3 Easier Ways for People to Take On Your Advice

Now, what you should do is…” “Well, it’s obvious, you should do this, then you should do that and then you should tell them you’ve done it”.

Should do. What you should do and what you want to and actually do are often very different things. Even if the advice we’ve been given is spot on, the fact that we’ve been told we ‘should’ do it is often the very reason we don’t. So if that’s the reaction we have, it’s the reaction that others will have when we ‘should’ all over them. Hmmm.

There’s something innately irritating to be told we should be doing something. It implies – this is the subtle, savvy part to understand – it implies that we’re not doing something and that the other person is wiser that we are. It’s implicit that we’ve missed a trick and they haven’t. That they know better exactly what will work for us. Well, in reality, we know best – better than anyone – what works for us and as we all know, making a decision ourselves and then sticking to it is always more powerful than carrying out other people’s advice. We own the outcome and, as such, are responsible for the result. (Or, in this case, response-able).
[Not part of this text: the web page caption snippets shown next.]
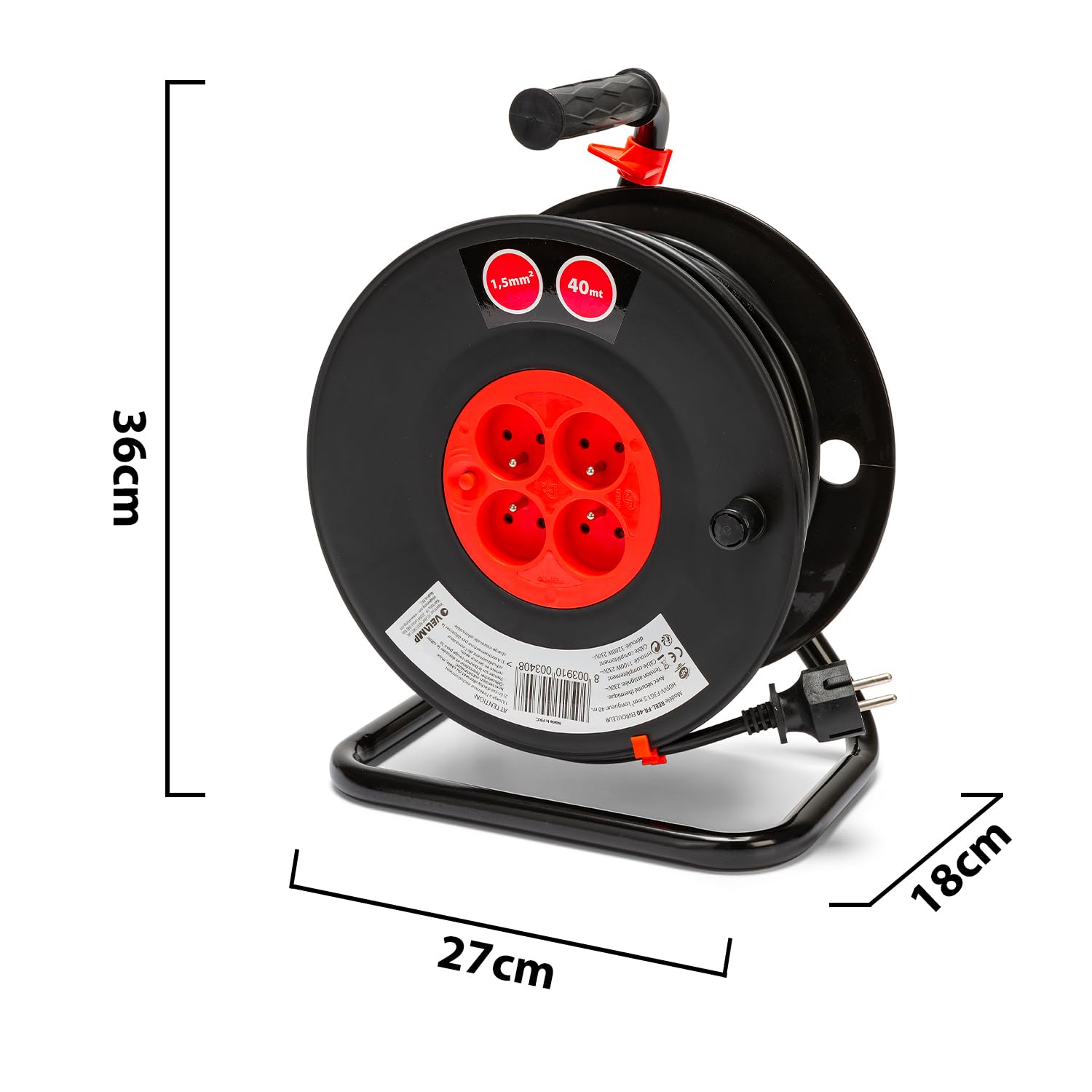 Velamp REEL-FR-40 Rallonge Prolongateur électrique 40 m avec enrouleur 4 Prises 16 A section 3G1,5 mm² + coupe-circuit. Noir et Rouge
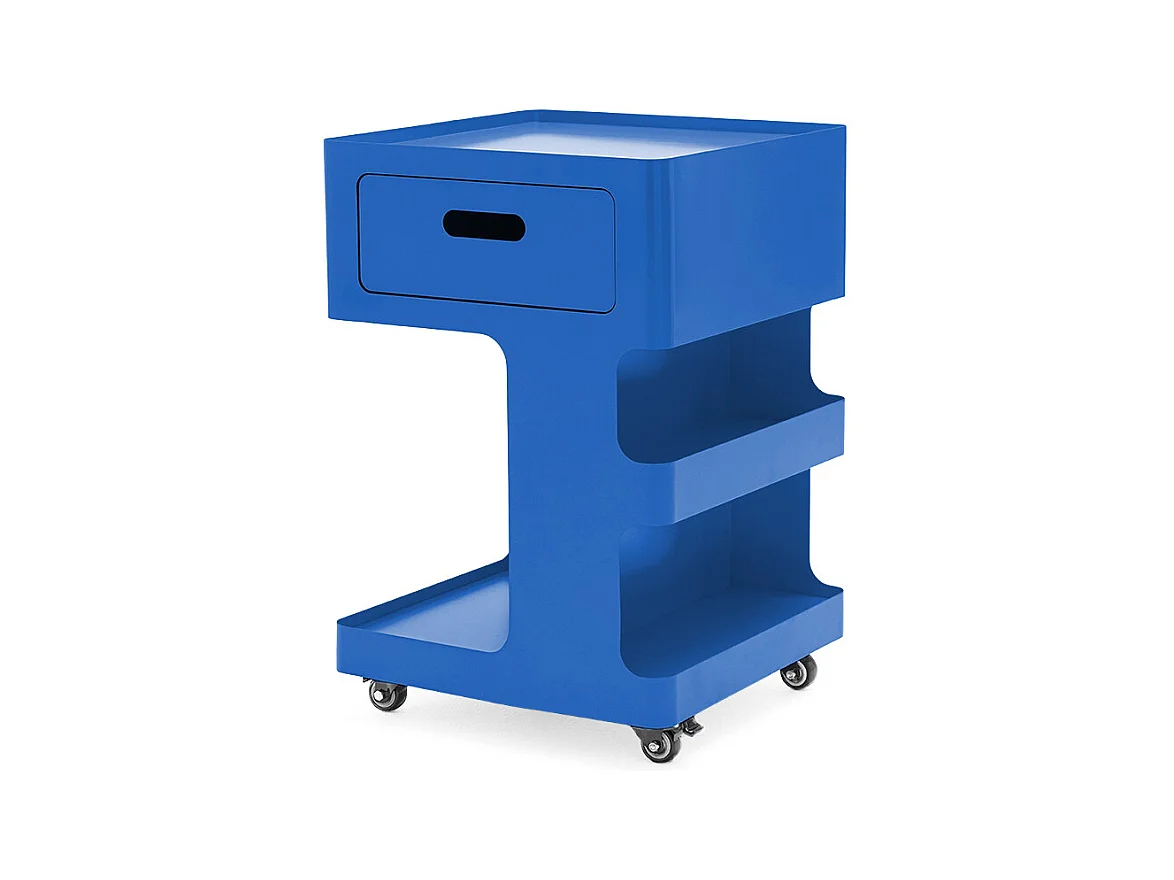 Trolet - Caisson à roulettes 1 tiroir en métal H60,5cm - Bleu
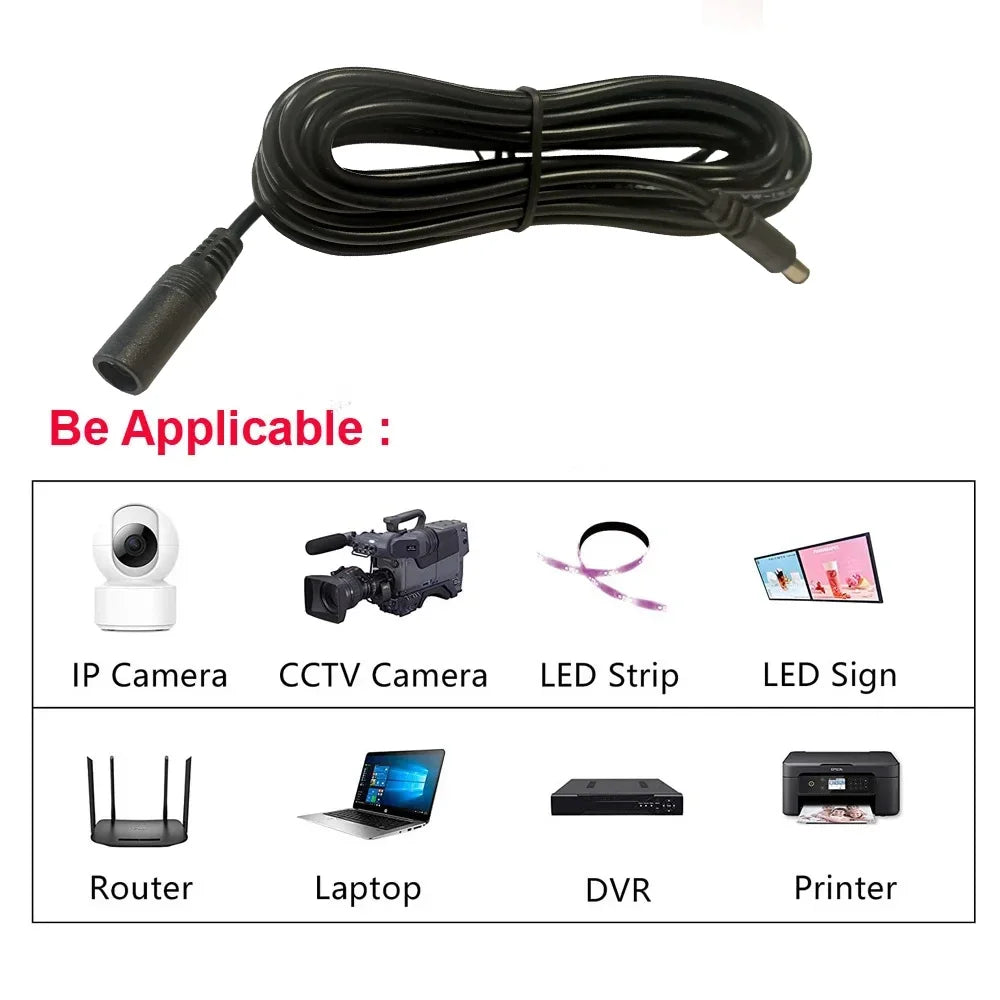DC Extension Cable - 2.1mm x 5.5mm Female to Male Power Cord Adapter for LED Lights, CCTV & Electronic Devices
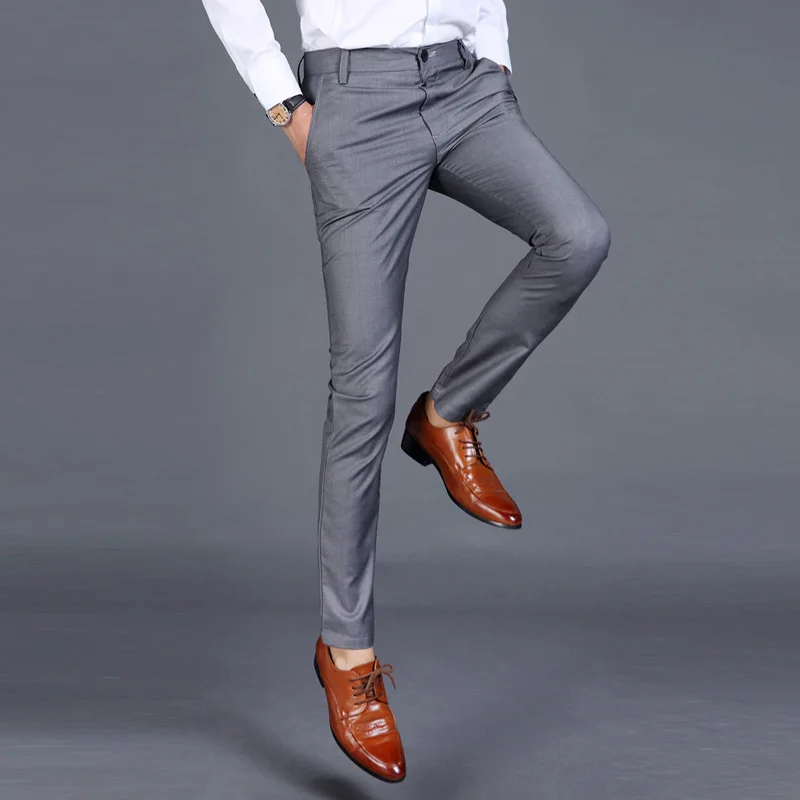 

2019 Men Fine Wool In Winter To Keep Warm Pure Color Fashion Business Formally Suit Pants / Male Leisure Pants Trousers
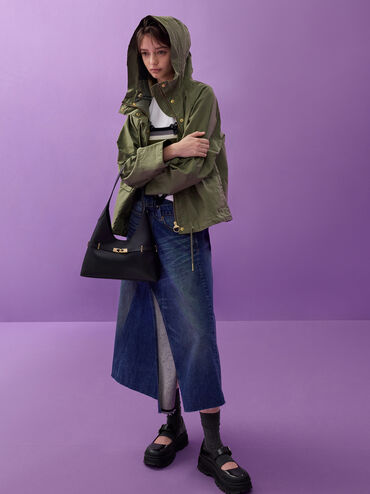 Arlet Metallic-Accent Belted Hobo Bag, Black, hi-res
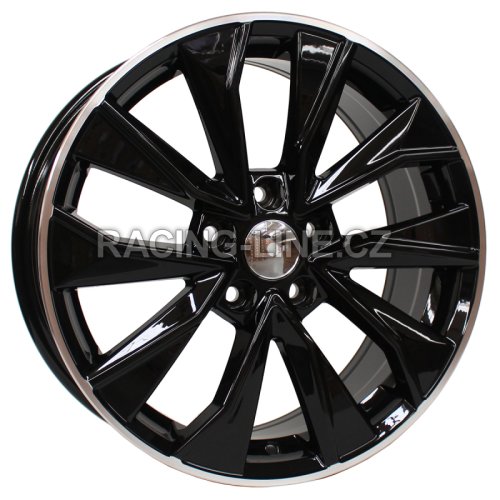 Alu kola Racing Line B5970, 17x7 5x100 ET46, Černá + leštěný límec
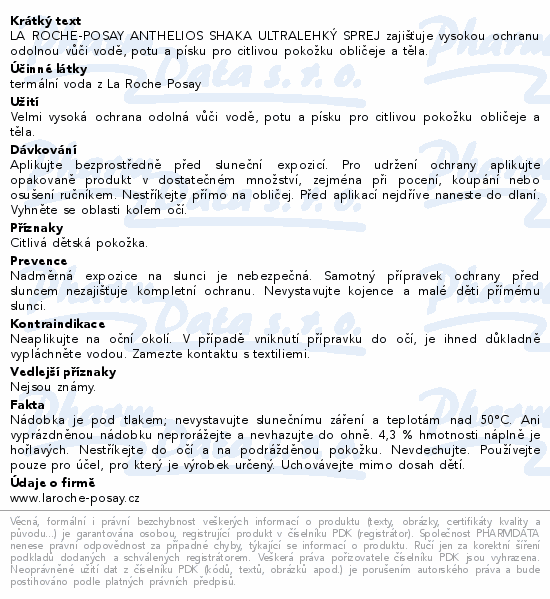 LA ROCHE-POSAY ANTHELIOS Shaka sprej SPF30 200ml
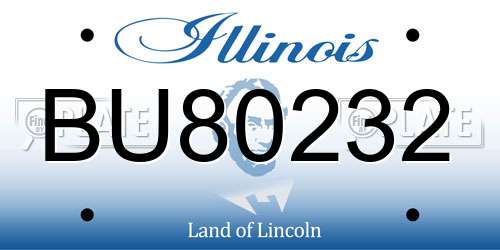 BU80232 Illinois License Plate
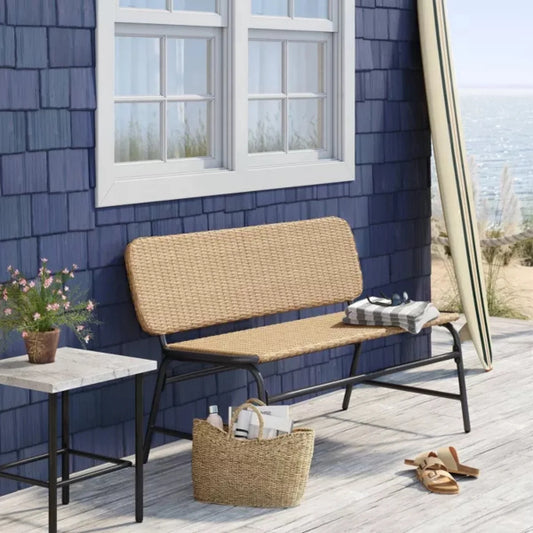 Parineeti 2-Seater Outdoor Garden Rattan Bench With Metal Frames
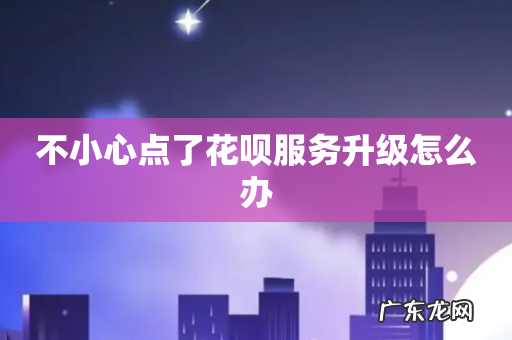 不小心点了花呗服务升级怎么办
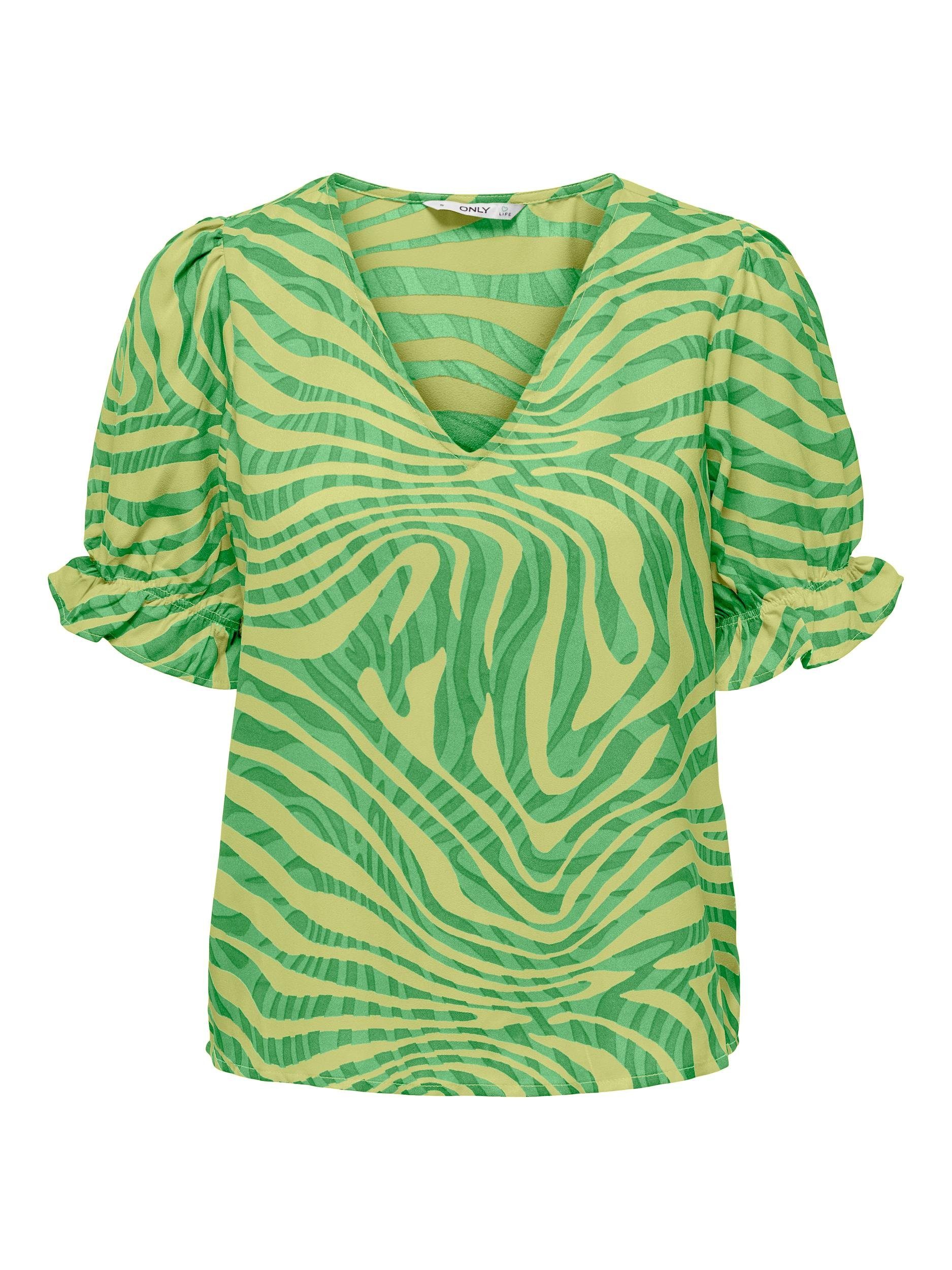 ONLY Blusenshirt ONLCHICAGO LIFE S/S FRILL TOP PTM AOP:West Vibrant untamed Green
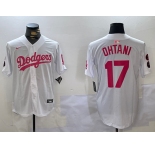 Men's Los Angeles Dodgers #17 Shohei Ohtani Number White Pink Limited Cool Base Stitched Jersey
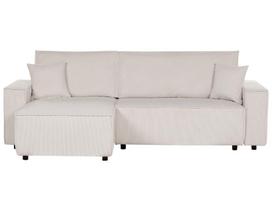 Kampinė sofa - lova Beliani Abacka, balta sp., kairinė, 247 x 147 cm x 90 cm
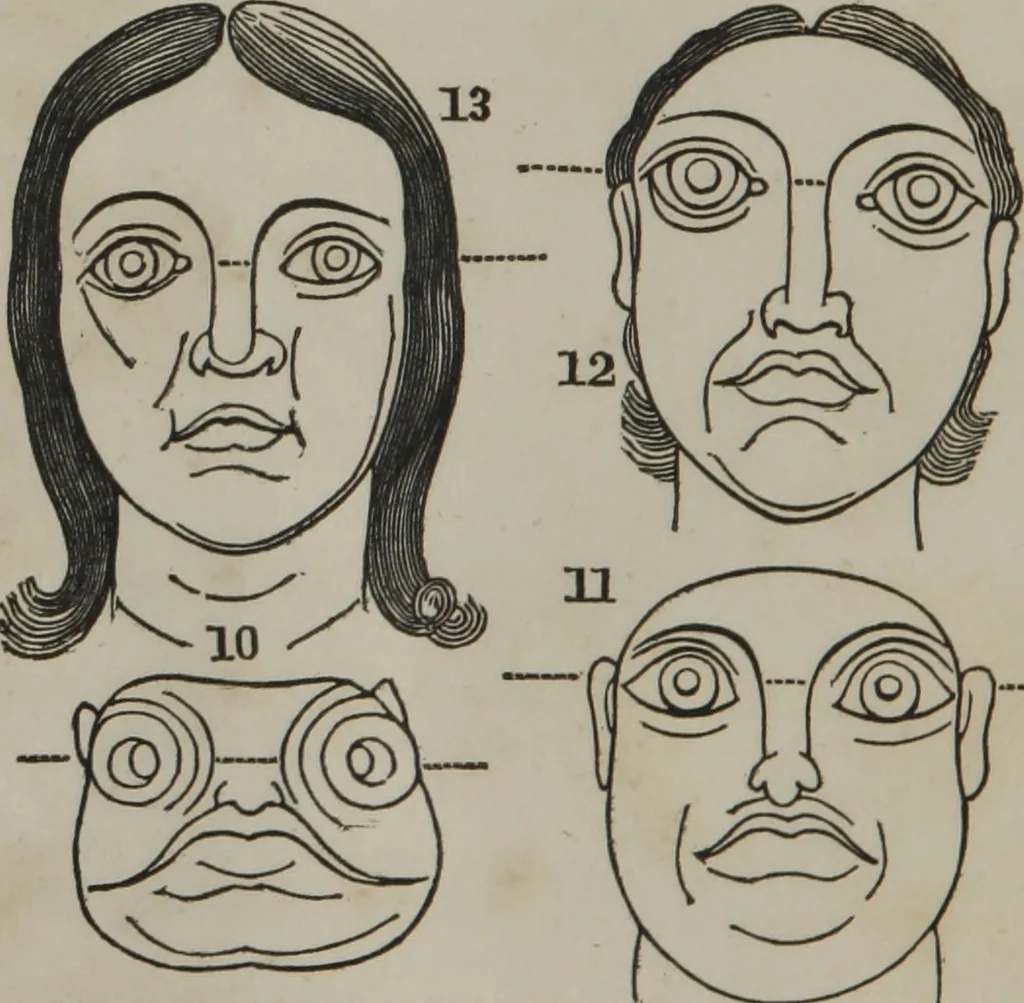 An illustration from Coombs's standard phrenology : exhibiting the exact phrenological admeasurements of above fifty distinguished and extraordinary personages, of both sexes : with skulls of the various nations of the world : embellished with above 50 engravings, and poetical descriptions of beauty, intellect, and physiognomy : with observations explanatory of the science, adapted to the character of [blank], 1841, leaf 61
One of the big pieces of being an influential communicator as you work is to put across your ideas, suggestions, or advice (still need to do this!) and, at the same time, allow the other person to decide for themselves how, and if, it will work for them. It then becomes their decision, their action. This principle applies just as effectively, if not more so, at home with our families and friends – and those trickiest of customers, your children.

So, how do you get across your idea, suggestion, advice without saying “what you should do is” or “I think you should…”?

Here are 3 quick and easy ways which work, for you to try out:

  • Start with “I’ve got an idea for you..” – this way you’re putting out that it’s only an idea and it’s for you to contemplate and understand if and how it will work. By saying “I’ve got” you’re telling the other person “OK, I’m ready with something that I think you’ll want but it’s up to you what you do with it”.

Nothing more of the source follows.